--- Data for this task Enclosed Below ---

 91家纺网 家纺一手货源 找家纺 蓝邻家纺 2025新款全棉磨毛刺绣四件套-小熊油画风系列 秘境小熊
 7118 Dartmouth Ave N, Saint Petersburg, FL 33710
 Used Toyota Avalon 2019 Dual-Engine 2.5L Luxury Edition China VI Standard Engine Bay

--- End of Enclosed Data for this task ---
--- Data for this task Enclosed Below ---

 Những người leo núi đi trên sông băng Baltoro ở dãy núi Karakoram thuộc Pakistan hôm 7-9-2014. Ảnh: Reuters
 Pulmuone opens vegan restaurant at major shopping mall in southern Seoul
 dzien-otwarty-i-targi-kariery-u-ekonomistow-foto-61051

--- End of Enclosed Data for this task ---

§ Description of the task:
Everything starting at the line containing "91家纺网 家纺一手货源 找家纺" and ending at the line containing "Used Toyota Avalon" in the records above should be repeated exactly, and only that.

§ The answer:
 91家纺网 家纺一手货源 找家纺 蓝邻家纺 2025新款全棉磨毛刺绣四件套-小熊油画风系列 秘境小熊
 7118 Dartmouth Ave N, Saint Petersburg, FL 33710
 Used Toyota Avalon 2019 Dual-Engine 2.5L Luxury Edition China VI Standard Engine Bay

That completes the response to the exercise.